Michigan could take both these guys as long as someone goes to the NBA next year, which is a near-certainty. Sina could provide minutes at the one and two, Cameron the three and maybe the four or two.
Meanwhile in the class of 2013, Rivals revamped its basketball rankings for that year. Irvin slid a little to #63; Walton and Donnal rose a little to #72 and #116. Irvin's down six spots, Walton up 15, Donnal up 8.
Ahem. Just going to leave this here.
It's in the store. Consume!
Whoah, whoa-oh oh oh oh. We own Penn State. The halycon era:
Via WH.
You know this already but I was asleep so my tab is still open. ND's Aaron Lynch, who you may remember being terrifying last year, is leaving ND. Bwahaha. Unfortunately, Brian Kelly recruited his balls off on the DL in that class so there's plenty of talent left behind. None of them were quite Lynch, who I remember coming in to the ND-MSU game and running around MSU OL like they were not there. Not having to face him the next three years is a lot like seeing Michael Floyd transfer after his freshman year. Which would have been cool.

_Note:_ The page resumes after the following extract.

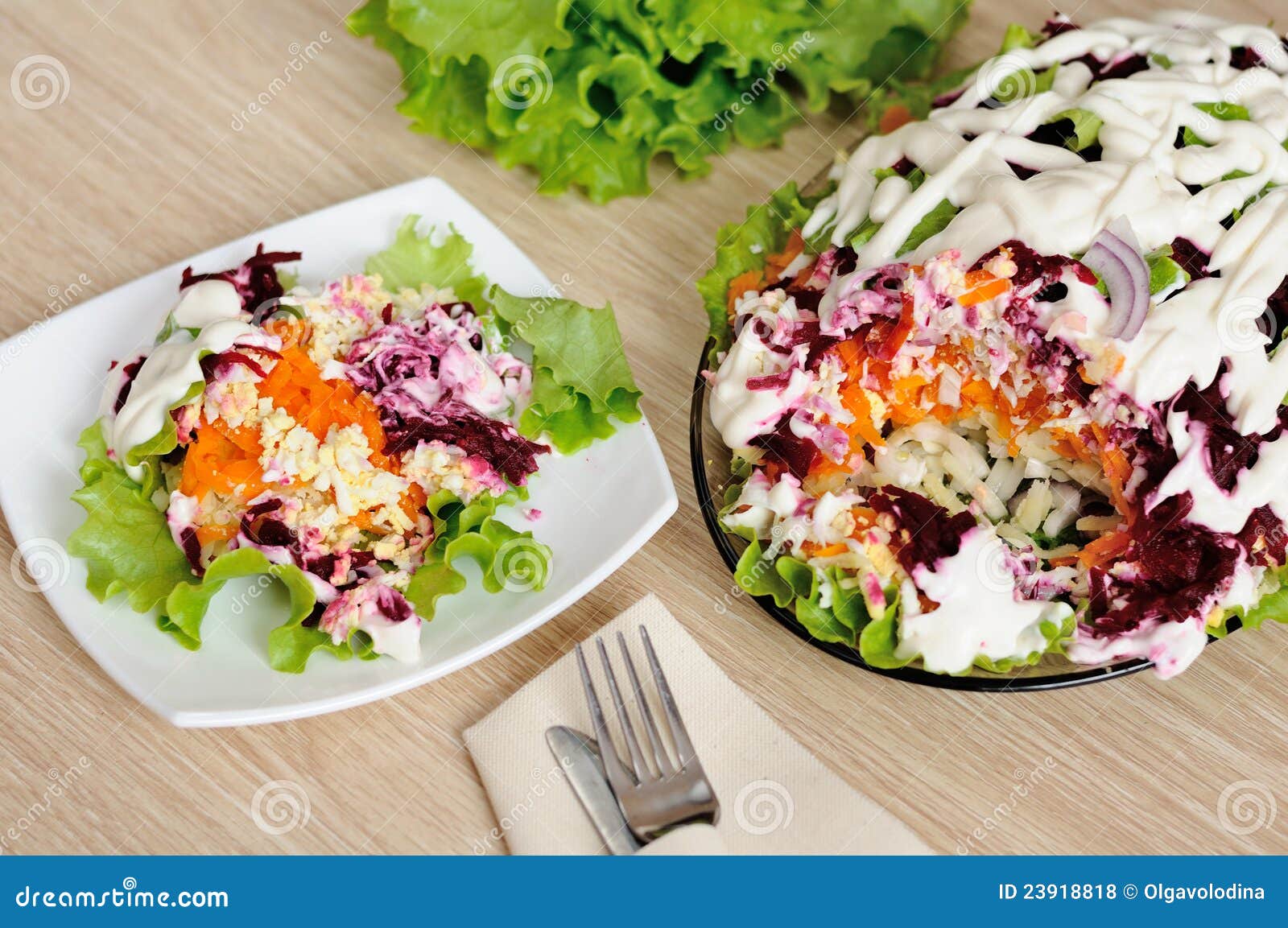 Royalty Free Stock Photos: Salad with herring and vegetables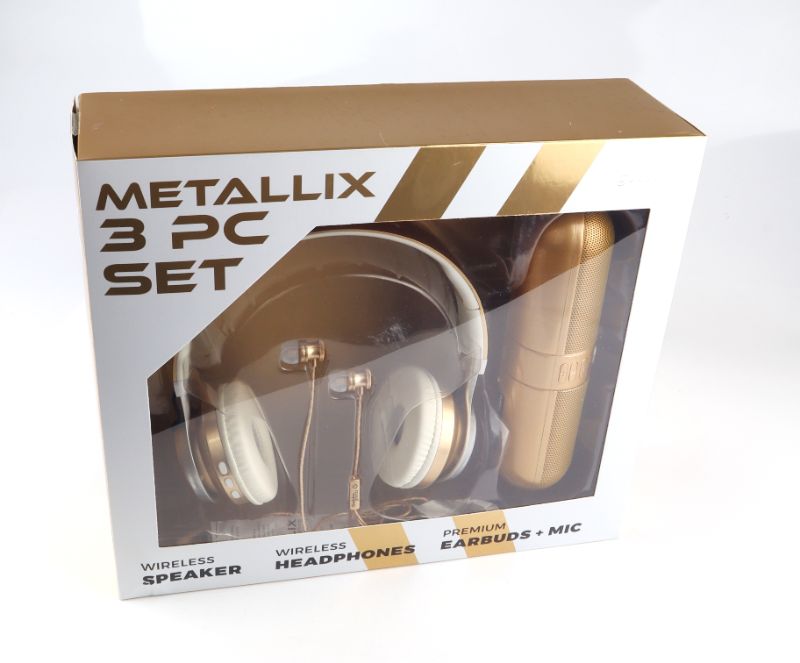 Photo 1 of METALLIX Gold 3 Piece Set 1 Bluetooth Speakers 1 Wireless Headphones & 1 Ear Bud Set With Micro-phone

Also old: this. Mary Sue Coleman said Michigan wouldn't be putting the Fab Five banners up, causing a twitter hissy from Jalen Rose I can't be bothered to go find again. No school is ever going to put up a banner for a game the NCAA made them vacate. That is a banner that says "congratulations: you technically weren't at the Final Four!"
Surely no one can be surprised by this. The only topic more tired than Fab Five banners is the #1 jersey, and no one's—oh hell, we're talking about this again. For the love of cripes, just offer it to LaQuon Treadwell and let's be done with this. The only thing this Braylon scholarship thing has done is made it so no one wears the number.
Etc.: Freshman RB TJ Yeldon goes ham at Alabama spring game (against the second team D). Denardfluff. I'll probably write more about this at a later juncture, but here's a Smart Football post on the future of the NFL being more shotgun high-tempo stuff. I don't mind a pro-style offense if it's actually a pro-style offense and not what a pro-style offense used to be in 1970. More Smart Football: the monster defense of old and its resurgence.
McGary. McGary DROP. MCGARY MAD. MCGARY SMASH. MCGARY SAY THINGS ABOUT HATERZ THAT IGNORE THE USEFUL SOCIETAL EFFECTS THAT RESULT FROM DISAPPROVING THINGS THAT ARE WACK. BUT THAT OKAY IF MCGARY SMASH.